Now on the WAN I have a single public IP for each PFsense box (x.x.x.1) and (x.x.x.2). Then I have a CARP virtual IP x.x.x.3, which is used for internet connectivity. I also have a CARP virtual IP x.x.x.4 (for VPN LAN NAT) and x.x.x.5 (for LAN1 NAT), which are both also on the WAN interface and both are failing over just fine.
When I use a testbox in LAN1 to reach LAN2 and send a file, failover happens just fine and connection is being kept up since the states are being synched.
When I use testbox in LAN1 to reach the world and download an .iso file, the NAT to x.x.x.5 is being used and the testbox receives the file.
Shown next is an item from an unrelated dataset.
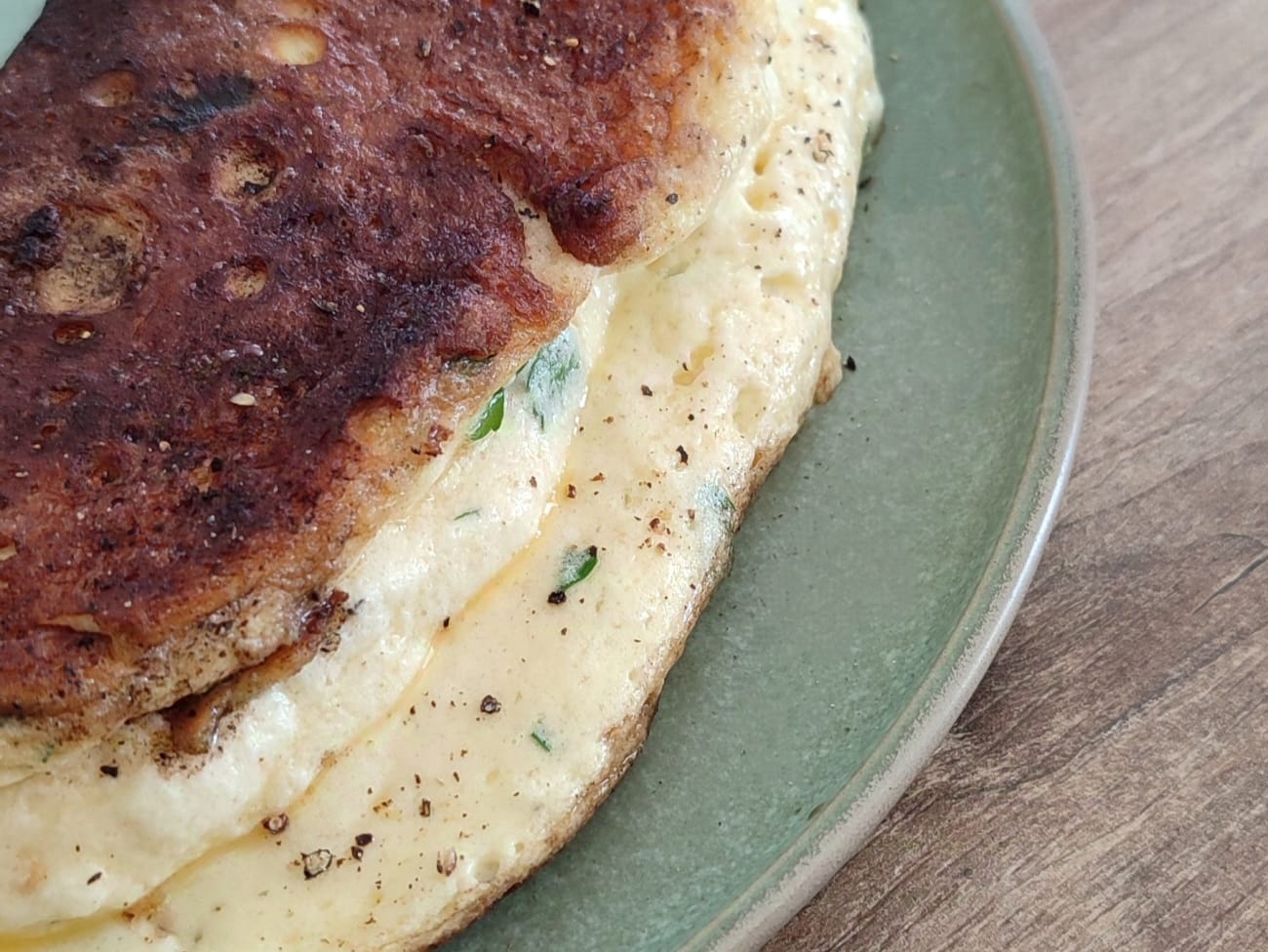 Recette de la célèbre omelette de la mère Poulard - Recette par Popotte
During this download from the internet I can see the states (with the indication of NAT) are being synched and appear on the slave machine, however, when the failover happens, the connection is being stalled (I use wget for the download and it shows a stalled connection). The download does not continue through the slave PFsense box, although it has the state synched, but the moment the master box comes back to life, the connection resumes and download finishes.
The same problem persists when I change the NAT address to be an IP alias to the WAN CARP IP.
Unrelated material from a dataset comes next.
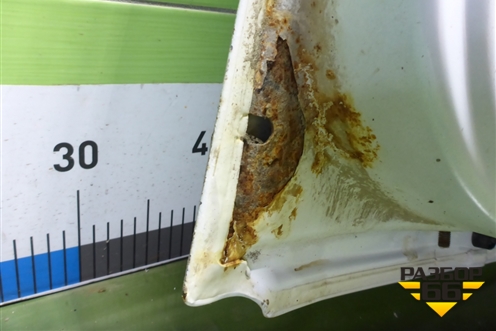 Дверь задняя левая для Renault Logan с 2004-2015г (Логан)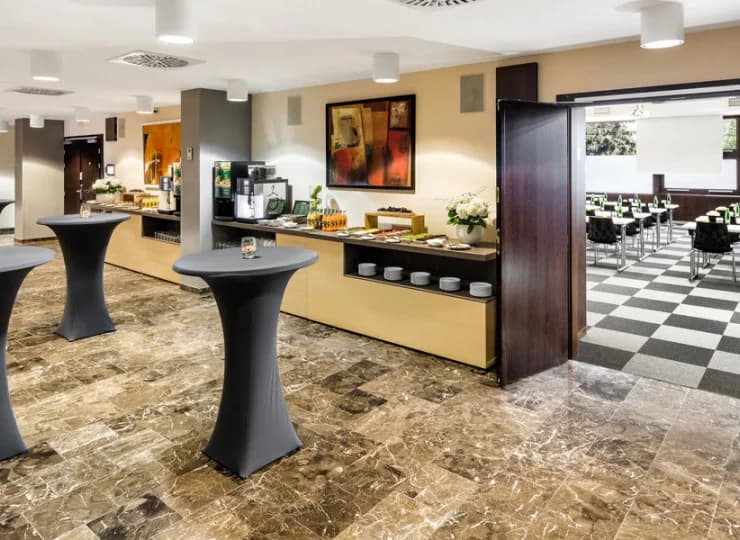 Hotel Occidental Praha**** posiada wielofunkcyjne sale konferencyjne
Also, when the failover happens, the new master drops the state from its state table, while the previous master keeps it. When it fails back over, the slave, that dropped the state has it up again.
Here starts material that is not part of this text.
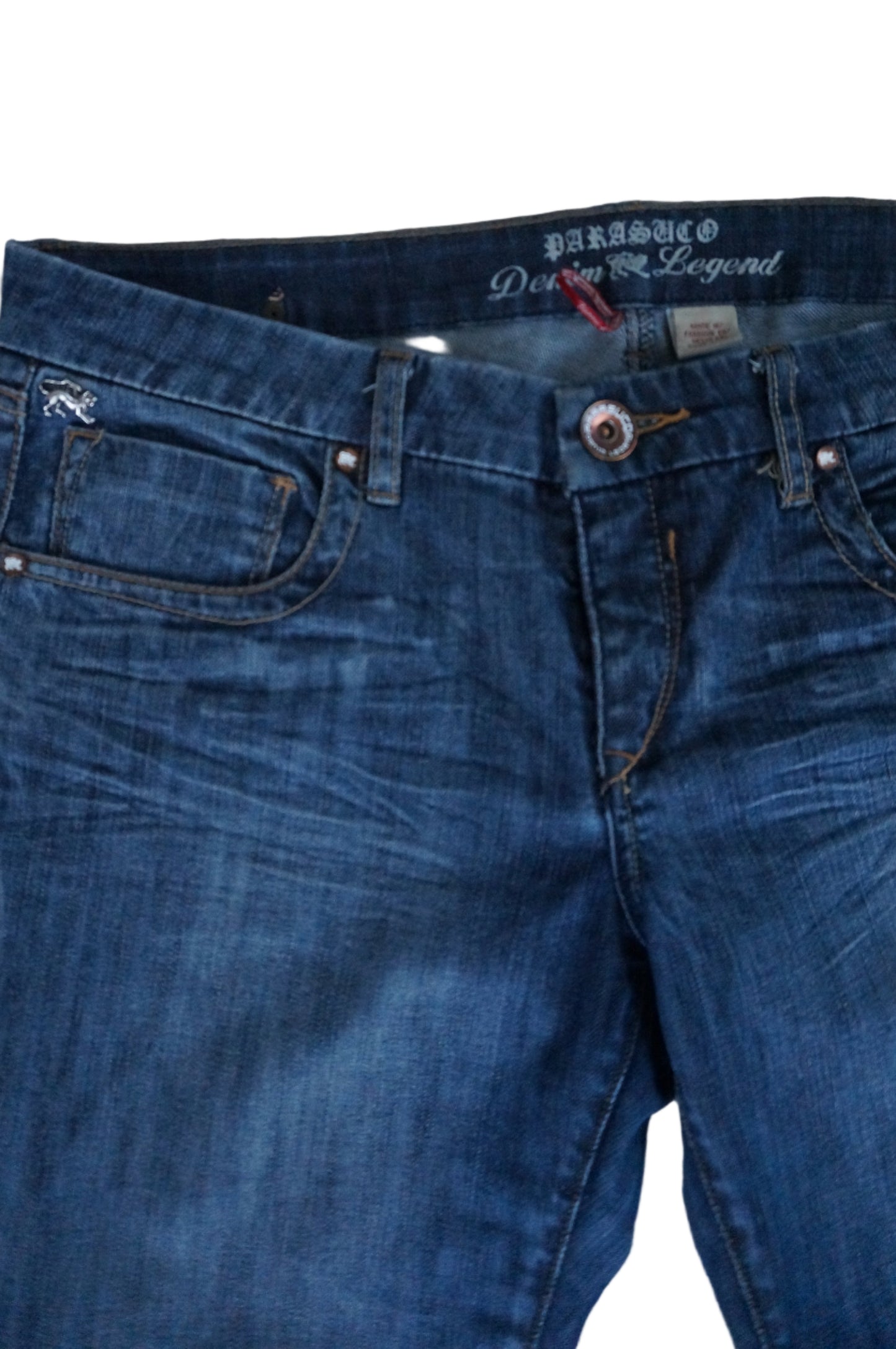 Dark Wash Parasuco Flare Jeans - Size 10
I tried only having one CARP IP on the WAN interface and having NAT translate the addresses to that, but it still doesn`t fail over. The moment I enter persistent CARP maintenance mode the other box drops the NAT states.
I managed to resolve this problem, when I found that Snort package, which I had installed and configured on WAN, was dropping the state on the slave (the box that is becoming the master on failover), because of the ongoing download for which the initialization was only seen by the snort on the previous master. Hence Snort thought it was an intrusive packet and denied the connection.
That also explains, why it was all good again on the master box after failing back.
Now the question is:
Is there a way to make Snort synchronize it
s decisions about connections to the slave box, so that when a failover happens, "Snort2" wouldnt drop the state from the table?
If no such thing is possible, maybe one could point me to an article, that comments on the rules to disable, so that no such drops would occur.
I feel that disabling rules to get things to work shouldn`t be the only solution.
Anyway, thank You for your time!
bmeeks last edited by
Are you 100% positive it is Snort that is breaking the failover? All it really does is analyze packets, and if an alert is triggered, it puts the IP address of the offender (either SRC, DST or BOTH depending on how it is configured) into the pfSense packet filter's snort2c table. It is up to pfSense and pf to manage states from that point on for that session. Snort should be totally oblivious to the failover process and also to state table synchronization.
Snort would only clear existing states under these two conditions: (1) you have that option configured on the INTERFACE SETTINGS tab; and (2) a new alert is detected on the IP address. So one of the things Snort does when inserting an IP into that snort2c table is clear any existing states for the IP (when the option is configured).
Everything you have written is true.
The alert is triggered (therefore the state is dropped) on the traffic, because the snort on the slave box, which then takes over only sees the file transfer from halfway.
The transfer is initiated on the master box and the slave snort will see the continuation of the transfer as someone trying to send a file without a request for it.
The triggering rule states: "NO CONTENT-LENGTH OR TRANSFER-ENCODING IN HTTP RESPONSE". It`s ID is 120, 3.
That is the rule that was causing problems.
bmeeks last edited by
Humm… OK. I did just find this link about a limited experimental high availability option for the Snort Stream5 preprocessor: https://www.snort.org/faq/readme-ha.
I've never used this option nor investigated integrating it into the pfSense package. Might be potentially useful, though. Would you like to perhaps contribute some code to the project if you have the time and expertise? I'm going to be busy for a while looking for the Snort bugs on the armv7 hardware used in the SG-1000 and SG-3100 Netgate appliances.
Thanks for introducing me to the High Availability of Snort.
I will look in to it, although I will not be able to do any coding for that, cause of the lack of expertise.
The high availability would only be required in pfsense for systems which have a tightly limited failure gap (let it be downtime, lost packets or dropped connections). The community of the paid version (if such) is probably already looking in to this.